The Armstrong Manufacturing Company, a corporation located at Waterloo, Iowa, during the summer and fall of 1920, issued to E.A. Dyer, its agent at Scottsville, Ky., four written evidences of indebtedness called commission certificates," aggregating $273.60, which Dyer assigned to appellee Gardner as collateral security for a loan of $2,000.00, evidenced by a note.
Dyer paid $1,040.00 on the note and left the state, whereupon Gardner instituted this action against Dyer and the Armstrong Manufacturing Company, to require the latter to pay to him for credit on the note the $273.60 alleged to be due to Dyer on the commission certificates. Dyer was constructively summoned, but did not answer, and the Armstrong Manufacturing Company filed a demurrer to the petition, which was overruled. To that ruling it saved an exception, and then filed answer, to which a demurrer was sustained, and upon its refusal to plead further, a judgment was entered against it in favor of the plaintiff for the $273.60, and from that judgment it has prayed an appeal.
The first contention for the appellant is, that the court erred in overruling its demurrer to the petition, because the commission certificates by their terms are "not negotiable, and not transferable," and, therefore, appellee was without title or right to sue upon same.

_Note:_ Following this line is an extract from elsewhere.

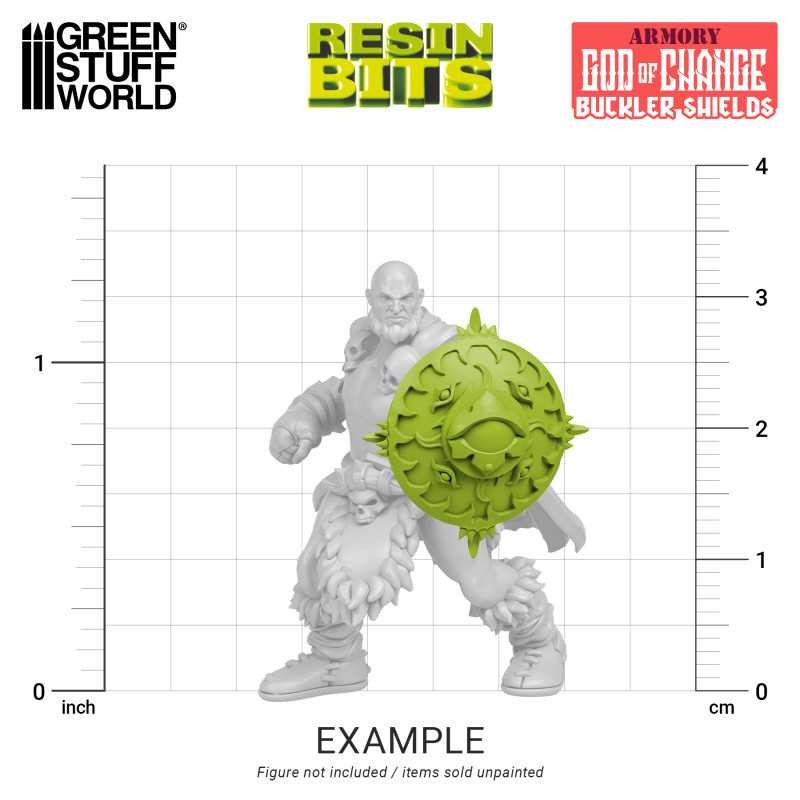 GREEN STUFF WORLD 13190 God of Change Bucklers 3D Printed Set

In this contention appellant is clearly in error, since, although the certificates were nonnegotiable, that fact did not prevent Dyer from assigning his interest therein to appellee, but only preserved to the maker any and all defenses against the transferee that it could have urged against the payee. Pond Creek Coal Co. v. Riley Lester, 171 Ky. 811, 188 S.W. 907; Ashless Coal Co. v. Davis, 183 Ky. 406, 209 S.W. 532; section 19 of the Civil Code, and the cases cited in the notes thereto.
Such an assignment may be by parol, Gray Co. v. Brisco, 6 Bush 687; Newby, etc. v. Hill, etc., 2 Mete. 530, and the pledgees may sue the maker and his assignor to enforce payment thereon. Hamilton's Extr. v. Hamilton, et al., 84 S.W. 1156. There is, therefore, no merit in this contention.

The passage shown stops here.